2. Pay off or consolidate some high-interest debt
If the election results cause more economic unrest, more jobs could be lost. And in that scenario, having less-costly debt will make it easier to absorb that blow. If you're sitting on a hefty credit card balance with a high interest rate, try knocking some of it out sooner rather than later. That may be feasible if, for example, you're saving a little by working remotely and not having to commute.
If you can't pay off your high-interest debt, try making it more affordable and easier to manage. Transferring your debts onto a credit card with a lower interest rate is one way to go about that, as is taking out a personal loan, using its proceeds to pay off costlier debt, then paying off that loan over time.
3. Sign up for the right health insurance
It may be election season, but it's also close to open enrollment season at work, which means you'll also soon elect a health plan along with other benefits sponsored by your employer. Choose those benefits carefully. If you think you'll need more childcare to hold down your job (a distinct possibility when schools aren't fully open nationwide), you may want to put more money into a dependent care flexible spending account, a special account offered by many employers that gives you a tax break for setting money aside for expenses like daycare or after-school care.
Meanwhile, think about the health insurance plan that will best benefit your family. A plan with a high deductible and lower monthly premium may be a good idea if you're single and rarely get sick. If you have children, you may want to do the opposite -- choose a plan with a lower deductible and a higher premium. And in case you're not familiar with these terms, your premium is the fee you'll pay each month for your health coverage, while your deductible is the amount you'll pay before your insurer starts paying for the services you use.

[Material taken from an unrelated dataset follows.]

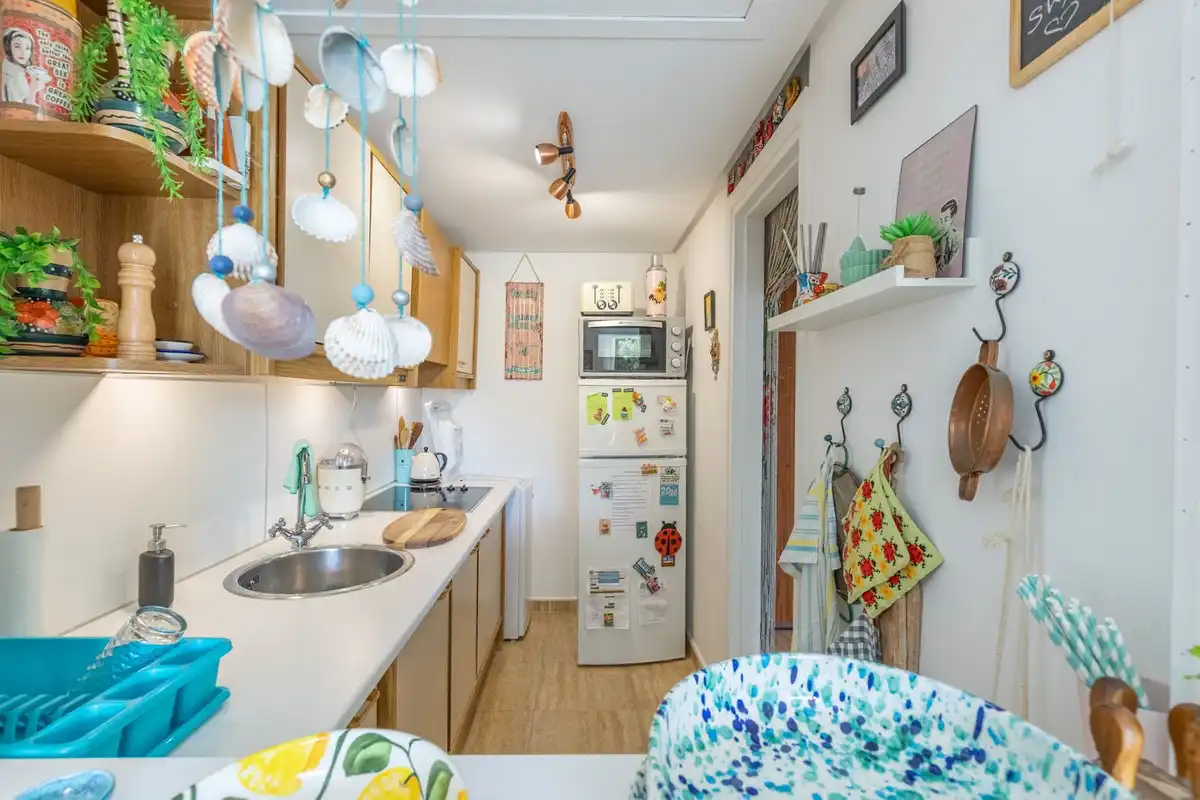Apartment mit Pool zum Verkauf in carlota alessandri, imagen 6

Meanwhile, if you buy your own health insurance through healthcare.gov, your open enrollment period begins at the start of November and runs through mid-December. If you want to change your health coverage, that will be the time. Of course, one thing to keep in mind is that whoever is elected president might change the way healthcare is offered through the Affordable Care Act, for better or for worse. That won't necessarily impact your health coverage for 2021, but it may impact your coverage in the future. So you may want to choose a more comprehensive plan in the near term if you can afford to, and address medical issues while you have that better coverage.
4. Make sure your stocks are diversified
Election season and stock market volatility tend to go hand in hand, and the results of the election could send stock values plummeting. That's not meant to scare you, because stock market crashes happen all the time and the market has a strong history of recovering, but it also means you may not be able to sell your stocks so easily if you need money in the near term. In fact, at a time like this, it's important to make sure your portfolio is diversified -- that you have a mix of stocks from different segments of the market -- so that if one sector takes a nosedive, your loss is minimized.
Incidentally, stock market volatility is another good reason to boost your emergency savings now. If stocks go down, you won't lose money if you leave your portfolio alone and wait for it to recover. Having money in the bank will make that feasible.
Look out for your own needs
The results of the election could have a huge impact on our country. But right now, as you gear up to vote, it's not bad to focus on your individual needs. The above moves could put you in a much more secure financial position, so that no matter who becomes president, you have less to worry about.